Maybe Romney is having that experience. But there are few signs of it. This is what he told FOX News this week: “I hate the way TARP was administered, but I can tell you that we were on a precipice unlike anything we have known before in modern history with the potential of a complete collapse of our currency system and our financial system. Had we not taken action, you could have seen a real devastation.”
Yet Romney clearly knows his TARP support is a problem. He spends time in his new book, “No Apology: The Case for American Greatness,” explaining his position and making his case. Let’s take his key points one by one.
1) “Secretary [Hank] Paulson’s TARP prevented a systemic collapse of the national financial system.”
That is certainly the economic consensus, even among right-of-center economists and financial experts.

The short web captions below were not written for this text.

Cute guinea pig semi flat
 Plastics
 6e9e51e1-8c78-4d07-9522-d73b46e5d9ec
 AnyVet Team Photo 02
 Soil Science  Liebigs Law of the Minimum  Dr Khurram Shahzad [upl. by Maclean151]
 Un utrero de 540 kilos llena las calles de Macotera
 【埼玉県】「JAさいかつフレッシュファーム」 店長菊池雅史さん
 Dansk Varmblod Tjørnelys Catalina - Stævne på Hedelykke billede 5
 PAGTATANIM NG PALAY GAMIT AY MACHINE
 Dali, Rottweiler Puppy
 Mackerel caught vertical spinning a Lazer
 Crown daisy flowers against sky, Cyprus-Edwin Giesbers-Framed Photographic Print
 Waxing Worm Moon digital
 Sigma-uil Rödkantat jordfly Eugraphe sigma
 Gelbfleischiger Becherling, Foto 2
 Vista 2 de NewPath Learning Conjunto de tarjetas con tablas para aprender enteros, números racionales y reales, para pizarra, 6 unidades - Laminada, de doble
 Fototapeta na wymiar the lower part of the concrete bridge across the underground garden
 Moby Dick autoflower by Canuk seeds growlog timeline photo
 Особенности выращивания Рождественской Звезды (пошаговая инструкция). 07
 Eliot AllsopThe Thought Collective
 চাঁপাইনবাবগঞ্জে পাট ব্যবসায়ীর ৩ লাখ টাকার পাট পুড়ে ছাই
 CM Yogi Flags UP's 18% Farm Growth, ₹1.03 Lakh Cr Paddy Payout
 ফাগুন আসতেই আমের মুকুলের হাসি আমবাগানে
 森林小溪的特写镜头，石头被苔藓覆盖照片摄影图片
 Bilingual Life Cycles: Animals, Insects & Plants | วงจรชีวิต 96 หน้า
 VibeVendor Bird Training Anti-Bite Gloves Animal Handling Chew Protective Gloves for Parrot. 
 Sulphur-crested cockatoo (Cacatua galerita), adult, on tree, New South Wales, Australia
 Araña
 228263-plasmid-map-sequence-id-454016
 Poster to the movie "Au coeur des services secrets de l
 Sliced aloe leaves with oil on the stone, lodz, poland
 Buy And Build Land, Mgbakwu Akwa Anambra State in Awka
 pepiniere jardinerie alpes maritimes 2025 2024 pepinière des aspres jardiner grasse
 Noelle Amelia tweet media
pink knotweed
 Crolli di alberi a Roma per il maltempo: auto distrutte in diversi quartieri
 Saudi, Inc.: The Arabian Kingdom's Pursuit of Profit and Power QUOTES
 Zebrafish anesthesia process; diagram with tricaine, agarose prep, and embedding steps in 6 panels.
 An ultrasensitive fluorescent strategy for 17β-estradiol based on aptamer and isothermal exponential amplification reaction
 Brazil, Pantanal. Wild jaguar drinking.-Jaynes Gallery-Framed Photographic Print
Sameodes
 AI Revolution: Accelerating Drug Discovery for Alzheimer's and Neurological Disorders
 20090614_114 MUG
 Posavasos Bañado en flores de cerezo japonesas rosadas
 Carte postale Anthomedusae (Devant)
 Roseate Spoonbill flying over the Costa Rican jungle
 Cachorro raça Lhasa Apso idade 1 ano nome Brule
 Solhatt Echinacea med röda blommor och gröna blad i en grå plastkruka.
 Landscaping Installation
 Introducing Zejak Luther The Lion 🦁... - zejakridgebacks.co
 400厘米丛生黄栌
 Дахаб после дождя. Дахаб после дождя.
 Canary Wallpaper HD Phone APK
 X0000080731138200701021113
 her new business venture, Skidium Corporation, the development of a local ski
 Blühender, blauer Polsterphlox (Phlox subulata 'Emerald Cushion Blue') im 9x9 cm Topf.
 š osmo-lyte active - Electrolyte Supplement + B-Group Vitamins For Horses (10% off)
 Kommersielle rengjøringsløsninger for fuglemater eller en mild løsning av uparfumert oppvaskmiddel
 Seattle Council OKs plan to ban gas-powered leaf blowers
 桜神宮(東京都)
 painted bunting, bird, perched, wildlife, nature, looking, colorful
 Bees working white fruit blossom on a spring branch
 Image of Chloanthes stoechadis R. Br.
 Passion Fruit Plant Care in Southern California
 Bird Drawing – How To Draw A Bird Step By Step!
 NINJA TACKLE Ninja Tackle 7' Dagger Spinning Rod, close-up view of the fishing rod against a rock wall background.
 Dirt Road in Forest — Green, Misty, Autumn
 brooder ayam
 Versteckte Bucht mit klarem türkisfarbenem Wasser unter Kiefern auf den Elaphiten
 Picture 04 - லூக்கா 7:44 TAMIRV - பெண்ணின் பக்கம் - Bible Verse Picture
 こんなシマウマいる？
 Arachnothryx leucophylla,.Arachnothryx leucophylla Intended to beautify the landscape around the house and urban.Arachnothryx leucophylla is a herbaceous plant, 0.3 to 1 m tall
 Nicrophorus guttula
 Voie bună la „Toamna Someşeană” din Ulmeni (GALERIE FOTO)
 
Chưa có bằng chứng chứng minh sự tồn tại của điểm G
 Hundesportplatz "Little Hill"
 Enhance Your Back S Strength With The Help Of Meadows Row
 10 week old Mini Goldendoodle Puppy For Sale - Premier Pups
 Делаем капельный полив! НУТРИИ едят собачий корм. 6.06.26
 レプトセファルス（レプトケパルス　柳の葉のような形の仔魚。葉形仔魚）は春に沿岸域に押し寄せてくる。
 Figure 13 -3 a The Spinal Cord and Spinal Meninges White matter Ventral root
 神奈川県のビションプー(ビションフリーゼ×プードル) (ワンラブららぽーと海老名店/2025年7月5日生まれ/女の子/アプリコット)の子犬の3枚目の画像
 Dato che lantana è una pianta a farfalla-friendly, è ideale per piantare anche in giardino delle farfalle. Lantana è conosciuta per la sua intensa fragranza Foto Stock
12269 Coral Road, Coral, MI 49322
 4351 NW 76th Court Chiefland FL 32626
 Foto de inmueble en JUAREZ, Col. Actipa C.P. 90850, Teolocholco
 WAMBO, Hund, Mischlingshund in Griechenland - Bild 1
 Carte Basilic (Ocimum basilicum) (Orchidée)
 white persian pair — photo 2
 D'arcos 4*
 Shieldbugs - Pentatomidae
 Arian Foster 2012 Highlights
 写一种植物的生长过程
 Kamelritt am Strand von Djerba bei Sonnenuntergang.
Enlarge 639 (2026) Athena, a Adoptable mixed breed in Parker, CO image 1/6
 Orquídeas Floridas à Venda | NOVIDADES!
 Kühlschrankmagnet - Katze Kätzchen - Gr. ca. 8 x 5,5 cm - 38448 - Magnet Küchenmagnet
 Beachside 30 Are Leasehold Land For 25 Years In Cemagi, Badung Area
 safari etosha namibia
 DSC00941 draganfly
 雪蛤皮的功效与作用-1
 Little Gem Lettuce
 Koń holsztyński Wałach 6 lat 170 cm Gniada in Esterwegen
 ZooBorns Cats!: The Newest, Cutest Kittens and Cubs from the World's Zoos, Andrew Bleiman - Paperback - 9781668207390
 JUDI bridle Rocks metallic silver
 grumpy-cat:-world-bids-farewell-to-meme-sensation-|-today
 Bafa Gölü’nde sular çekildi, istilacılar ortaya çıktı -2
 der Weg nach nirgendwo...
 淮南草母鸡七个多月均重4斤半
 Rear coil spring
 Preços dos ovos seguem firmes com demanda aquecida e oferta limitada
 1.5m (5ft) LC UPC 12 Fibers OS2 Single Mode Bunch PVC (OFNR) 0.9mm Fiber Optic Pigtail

This bit of analysis from Nicole Gelinas of the free-market Manhattan Institute is typical: “We were never going to escape this debacle without pumping massive amounts of taxpayer money into the financial system.”
There are objectors, of course. Stanford University economist John Taylor, for instance, argues that the TARP proposal itself incited a panic on Wall Street. But even many of these folks were in favor of government debt guarantees for banks and money market funds, as well as Federal Reserve liquidity measures. Having government do nothing was not a realistic option. And while many free-market economists have devised TARP alternatives since the fall of 2008, such proposals were hard to find at the moment of crisis or difficult to quickly implement.
2) “It was intended to prevent a run on virtually every bank and financial institution in the country.”
Or, in other words, TARP was about recapitalizing banks. But Americans thought it was more about unfreezing credit markets and keeping Wall Street lending to Main Street. So when Paulson called off the plan to buy troubled assets — the ones supposedly clogging up the system — and just injected capital, it looked like a bait-and-switch plan. Yet if the banks weren’t stabilized, lending would surely have come to a halt.
3) “But TARP as administered by Secretary Timothy Geithner was as poorly explained, poorly understood, poorly structured and poorly implemented as any legislation in recent history.”
This is confusing. Although it was under Geithner that TARP money was used for foreclosure mitigation, it was under Paulson that TARP shifted from an asset buying program to a capital injection program. And it was also under Paulson that TARP was used to bailout automakers and AIG. Has TARP become a slush fund? Sure, but both Republican Paulson and Democrat Geithner are to blame for that.
Bottom line: Doing nothing back in the fall of 2008 might have worked. It certainly would have negated years of moral hazard created by Washington’s Too Big To Fail approach toward the financial sector. But it would have been an amazingly high-risk proposition. That, especially with the banks now quickly repaying those billions in government bailouts. Even some early TARP critics have calmed down. The University of Chicago’s Luigi Zingales now admits TARP funds were “deployed with conditions not too far removed from market ones.”
Still, many conservatives will probably never see it that way. For them, TARP is a permanent, shining scarlet T on Romney. (They also don’t much like his health reforms in Massachusetts, nor his belief in man-made climate change.) But maybe as time passes and TARP doesn’t look quite as much like a money pit, maybe that letter won’t shine so brightly.